→ **Your objective**
Copy all the lines of the listing below exactly. Skip the images.

→ **Exercise data**
┌────────

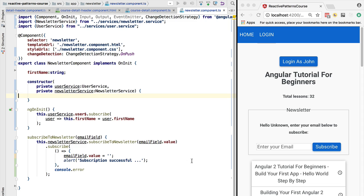So in general we should not hesitate to inject smart components deep in the component tree if that makes the implementation of our program simpler. If we find ourselves in the situation where we are bubbling events up the component tree, this is a good indication that what we really need is a deeply nested smart component.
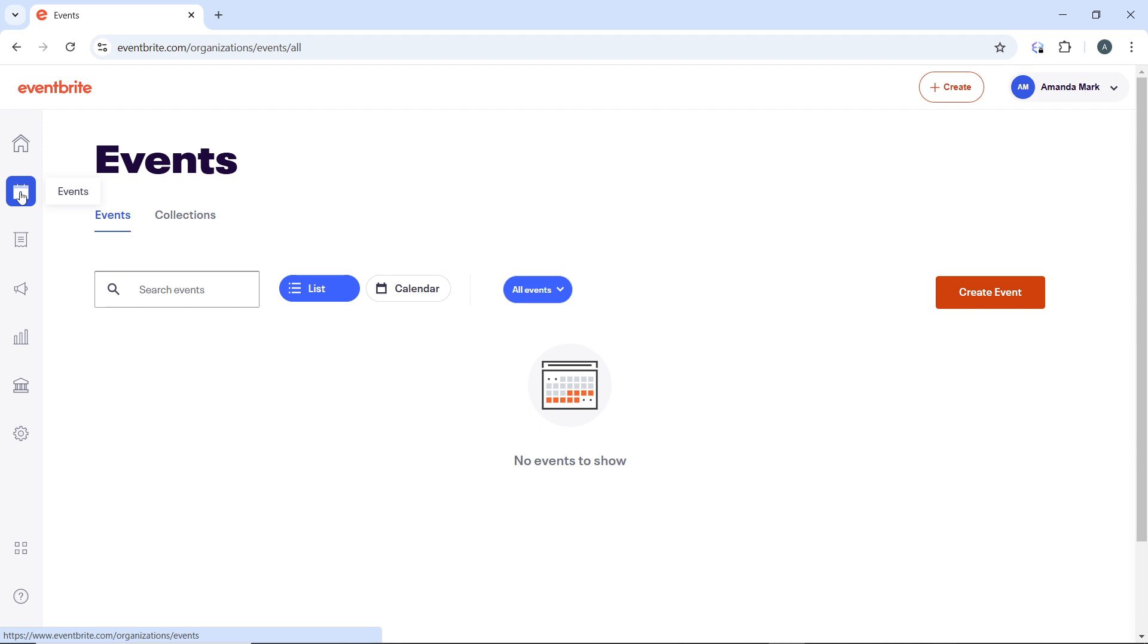Scroll through the list or use the search function to find the specific attendee's tickets that you want to transfer. Click on the attendee's order or tickets to open the order details.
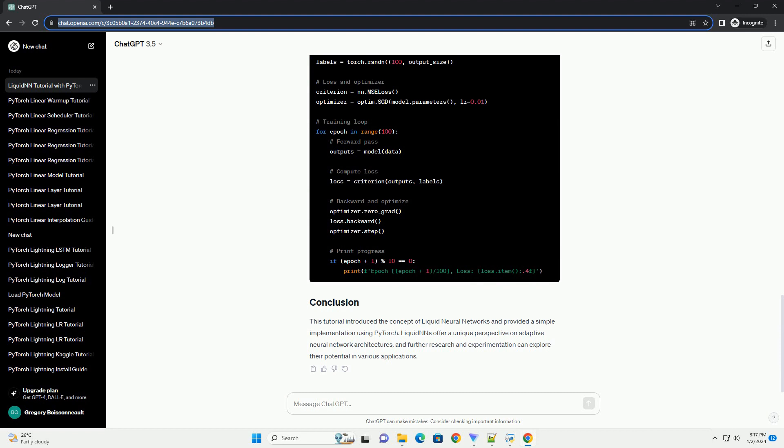This tutorial introduced the concept of liquid neural networks and provided a simple implementation using PyTorch. LiquidNNs offer a unique perspective on adaptive neural network architectures, and further research and experimentation can explore their potential in various applications.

└────────

→ **Answer to this problem**
So in general we should not hesitate to inject smart components deep in the component tree if that makes the implementation of our program simpler. If we find ourselves in the situation where we are bubbling events up the component tree, this is a good indication that what we really need is a deeply nested smart component.
Scroll through the list or use the search function to find the specific attendee's tickets that you want to transfer. Click on the attendee's order or tickets to open the order details.
This tutorial introduced the concept of liquid neural networks and provided a simple implementation using PyTorch. LiquidNNs offer a unique perspective on adaptive neural network architectures, and further research and experimentation can explore their potential in various applications.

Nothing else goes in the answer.